Here is the listing. Report each line in it that contains the string "floors".

------ The data

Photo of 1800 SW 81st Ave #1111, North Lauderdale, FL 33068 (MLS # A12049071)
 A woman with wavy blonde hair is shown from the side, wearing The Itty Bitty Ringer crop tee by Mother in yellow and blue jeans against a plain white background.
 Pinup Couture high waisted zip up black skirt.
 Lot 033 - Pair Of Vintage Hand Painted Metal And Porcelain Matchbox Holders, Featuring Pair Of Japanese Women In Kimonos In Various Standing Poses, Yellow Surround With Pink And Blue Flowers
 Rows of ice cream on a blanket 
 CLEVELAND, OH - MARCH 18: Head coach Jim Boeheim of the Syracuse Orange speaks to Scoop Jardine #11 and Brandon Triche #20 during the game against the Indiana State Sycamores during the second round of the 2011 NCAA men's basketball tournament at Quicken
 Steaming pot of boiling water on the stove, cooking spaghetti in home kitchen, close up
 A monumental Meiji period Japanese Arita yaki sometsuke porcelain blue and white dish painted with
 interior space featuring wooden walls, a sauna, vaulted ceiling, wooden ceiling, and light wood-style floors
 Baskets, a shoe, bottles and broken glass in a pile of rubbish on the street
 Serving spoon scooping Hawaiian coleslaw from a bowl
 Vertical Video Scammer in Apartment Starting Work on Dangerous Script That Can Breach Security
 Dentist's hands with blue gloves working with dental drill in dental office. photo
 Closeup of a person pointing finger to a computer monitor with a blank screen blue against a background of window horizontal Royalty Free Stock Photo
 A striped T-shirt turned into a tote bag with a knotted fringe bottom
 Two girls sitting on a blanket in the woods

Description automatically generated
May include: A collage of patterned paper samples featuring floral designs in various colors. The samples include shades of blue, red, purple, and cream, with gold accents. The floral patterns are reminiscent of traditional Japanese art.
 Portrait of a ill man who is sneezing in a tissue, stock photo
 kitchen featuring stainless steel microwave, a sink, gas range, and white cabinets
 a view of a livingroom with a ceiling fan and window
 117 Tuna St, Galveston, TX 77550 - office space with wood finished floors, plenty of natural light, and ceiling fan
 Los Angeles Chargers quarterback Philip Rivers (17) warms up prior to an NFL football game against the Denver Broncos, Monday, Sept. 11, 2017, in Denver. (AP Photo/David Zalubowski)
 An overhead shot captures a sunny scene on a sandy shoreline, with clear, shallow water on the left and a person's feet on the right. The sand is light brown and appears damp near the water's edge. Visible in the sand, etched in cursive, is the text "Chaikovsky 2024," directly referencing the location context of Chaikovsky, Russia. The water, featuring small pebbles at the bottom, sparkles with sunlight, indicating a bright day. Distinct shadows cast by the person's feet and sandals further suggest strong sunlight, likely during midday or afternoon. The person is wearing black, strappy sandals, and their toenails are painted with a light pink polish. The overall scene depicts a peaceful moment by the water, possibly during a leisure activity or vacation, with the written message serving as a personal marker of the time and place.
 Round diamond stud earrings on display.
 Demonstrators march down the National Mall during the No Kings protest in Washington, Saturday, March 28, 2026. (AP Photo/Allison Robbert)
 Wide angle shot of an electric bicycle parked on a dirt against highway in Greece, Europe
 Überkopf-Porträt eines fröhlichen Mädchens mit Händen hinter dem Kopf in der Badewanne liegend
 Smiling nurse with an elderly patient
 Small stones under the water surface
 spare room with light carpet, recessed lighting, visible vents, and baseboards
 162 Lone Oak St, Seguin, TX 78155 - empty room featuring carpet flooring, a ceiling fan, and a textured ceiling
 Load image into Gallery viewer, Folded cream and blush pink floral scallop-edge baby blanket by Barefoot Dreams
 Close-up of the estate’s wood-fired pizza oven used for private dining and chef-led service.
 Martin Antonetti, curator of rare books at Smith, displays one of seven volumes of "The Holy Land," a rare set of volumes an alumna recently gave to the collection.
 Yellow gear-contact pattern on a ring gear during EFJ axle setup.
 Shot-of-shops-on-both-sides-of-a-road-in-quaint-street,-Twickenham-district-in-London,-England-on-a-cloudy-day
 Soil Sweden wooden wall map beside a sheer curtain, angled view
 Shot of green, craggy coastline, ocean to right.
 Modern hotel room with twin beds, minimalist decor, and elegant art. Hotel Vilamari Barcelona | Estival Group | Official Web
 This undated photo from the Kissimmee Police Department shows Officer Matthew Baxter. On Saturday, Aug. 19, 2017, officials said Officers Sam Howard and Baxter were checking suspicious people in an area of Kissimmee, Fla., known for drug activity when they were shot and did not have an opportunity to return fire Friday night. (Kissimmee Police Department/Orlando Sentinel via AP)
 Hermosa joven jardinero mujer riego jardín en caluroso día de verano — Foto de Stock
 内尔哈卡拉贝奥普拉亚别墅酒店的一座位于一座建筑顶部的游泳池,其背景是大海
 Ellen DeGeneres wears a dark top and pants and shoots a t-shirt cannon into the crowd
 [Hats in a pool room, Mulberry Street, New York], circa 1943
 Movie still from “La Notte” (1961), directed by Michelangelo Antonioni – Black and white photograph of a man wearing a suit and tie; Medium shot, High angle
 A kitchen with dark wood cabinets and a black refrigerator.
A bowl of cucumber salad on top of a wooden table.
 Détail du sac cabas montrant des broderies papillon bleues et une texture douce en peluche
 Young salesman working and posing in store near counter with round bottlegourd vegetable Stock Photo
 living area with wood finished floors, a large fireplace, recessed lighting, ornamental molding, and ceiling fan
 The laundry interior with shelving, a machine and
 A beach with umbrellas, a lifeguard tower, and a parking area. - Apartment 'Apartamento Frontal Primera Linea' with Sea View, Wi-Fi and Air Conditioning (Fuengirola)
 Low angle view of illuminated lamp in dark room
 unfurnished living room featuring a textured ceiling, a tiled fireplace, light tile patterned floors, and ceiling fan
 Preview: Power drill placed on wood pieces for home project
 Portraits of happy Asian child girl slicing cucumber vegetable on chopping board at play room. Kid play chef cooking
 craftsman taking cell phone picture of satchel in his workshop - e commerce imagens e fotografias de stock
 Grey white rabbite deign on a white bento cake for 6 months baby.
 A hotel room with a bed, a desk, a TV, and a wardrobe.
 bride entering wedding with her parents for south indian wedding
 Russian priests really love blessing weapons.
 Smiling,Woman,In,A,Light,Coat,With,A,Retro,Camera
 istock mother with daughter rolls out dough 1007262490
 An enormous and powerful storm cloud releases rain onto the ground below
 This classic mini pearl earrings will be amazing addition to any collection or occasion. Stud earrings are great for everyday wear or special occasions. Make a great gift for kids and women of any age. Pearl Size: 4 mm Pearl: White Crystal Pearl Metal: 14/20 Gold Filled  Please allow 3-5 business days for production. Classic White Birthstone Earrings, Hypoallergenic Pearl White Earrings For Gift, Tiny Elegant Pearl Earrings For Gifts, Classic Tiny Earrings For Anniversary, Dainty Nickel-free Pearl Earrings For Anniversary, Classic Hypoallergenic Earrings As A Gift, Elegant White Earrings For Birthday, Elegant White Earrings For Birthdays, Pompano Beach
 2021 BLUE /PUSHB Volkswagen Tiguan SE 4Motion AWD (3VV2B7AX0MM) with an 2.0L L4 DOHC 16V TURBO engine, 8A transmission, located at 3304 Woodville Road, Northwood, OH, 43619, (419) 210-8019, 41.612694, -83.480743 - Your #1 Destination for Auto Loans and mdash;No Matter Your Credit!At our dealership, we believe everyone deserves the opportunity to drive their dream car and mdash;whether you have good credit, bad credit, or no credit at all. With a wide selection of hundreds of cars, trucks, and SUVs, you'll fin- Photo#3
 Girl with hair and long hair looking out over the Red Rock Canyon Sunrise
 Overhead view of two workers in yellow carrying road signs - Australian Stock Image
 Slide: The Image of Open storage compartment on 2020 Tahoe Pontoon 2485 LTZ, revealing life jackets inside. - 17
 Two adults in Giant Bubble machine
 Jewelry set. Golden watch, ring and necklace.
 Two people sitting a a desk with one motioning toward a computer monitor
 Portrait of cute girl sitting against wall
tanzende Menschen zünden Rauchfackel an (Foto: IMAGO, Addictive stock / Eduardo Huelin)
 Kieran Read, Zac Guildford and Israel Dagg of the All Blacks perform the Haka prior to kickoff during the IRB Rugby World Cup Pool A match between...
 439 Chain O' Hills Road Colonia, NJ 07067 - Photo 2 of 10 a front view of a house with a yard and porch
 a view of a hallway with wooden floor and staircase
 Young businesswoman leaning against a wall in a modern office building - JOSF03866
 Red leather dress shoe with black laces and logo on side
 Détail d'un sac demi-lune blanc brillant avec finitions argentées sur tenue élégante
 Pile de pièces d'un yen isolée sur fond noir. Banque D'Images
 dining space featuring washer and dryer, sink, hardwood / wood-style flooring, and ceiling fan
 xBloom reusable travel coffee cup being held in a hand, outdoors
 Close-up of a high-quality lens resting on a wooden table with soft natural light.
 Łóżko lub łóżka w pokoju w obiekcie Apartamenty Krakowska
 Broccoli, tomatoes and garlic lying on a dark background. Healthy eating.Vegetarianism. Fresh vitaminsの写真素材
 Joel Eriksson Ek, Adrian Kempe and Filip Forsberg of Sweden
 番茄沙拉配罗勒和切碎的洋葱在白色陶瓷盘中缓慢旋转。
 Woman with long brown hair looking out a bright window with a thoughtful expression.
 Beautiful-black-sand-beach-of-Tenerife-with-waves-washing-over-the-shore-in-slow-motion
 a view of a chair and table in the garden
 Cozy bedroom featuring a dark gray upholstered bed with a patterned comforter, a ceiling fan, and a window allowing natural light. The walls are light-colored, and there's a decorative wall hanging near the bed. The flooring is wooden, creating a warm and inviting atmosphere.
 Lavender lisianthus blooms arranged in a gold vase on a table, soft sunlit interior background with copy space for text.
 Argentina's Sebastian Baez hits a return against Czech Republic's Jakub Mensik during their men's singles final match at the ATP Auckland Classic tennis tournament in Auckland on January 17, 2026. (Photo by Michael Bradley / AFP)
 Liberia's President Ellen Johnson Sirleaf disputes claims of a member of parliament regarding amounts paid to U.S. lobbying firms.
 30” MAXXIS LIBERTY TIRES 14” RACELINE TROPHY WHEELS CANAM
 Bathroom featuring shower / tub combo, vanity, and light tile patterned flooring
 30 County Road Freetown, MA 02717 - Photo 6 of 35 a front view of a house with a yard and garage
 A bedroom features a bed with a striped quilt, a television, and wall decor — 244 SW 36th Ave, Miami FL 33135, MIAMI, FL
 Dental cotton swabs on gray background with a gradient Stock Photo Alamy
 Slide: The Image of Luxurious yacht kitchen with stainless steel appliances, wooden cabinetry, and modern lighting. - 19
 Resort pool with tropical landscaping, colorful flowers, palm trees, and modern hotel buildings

------------

## Exercise answer
 interior space featuring wooden walls, a sauna, vaulted ceiling, wooden ceiling, and light wood-style floors
 117 Tuna St, Galveston, TX 77550 - office space with wood finished floors, plenty of natural light, and ceiling fan
 living area with wood finished floors, a large fireplace, recessed lighting, ornamental molding, and ceiling fan
 unfurnished living room featuring a textured ceiling, a tiled fireplace, light tile patterned floors, and ceiling fan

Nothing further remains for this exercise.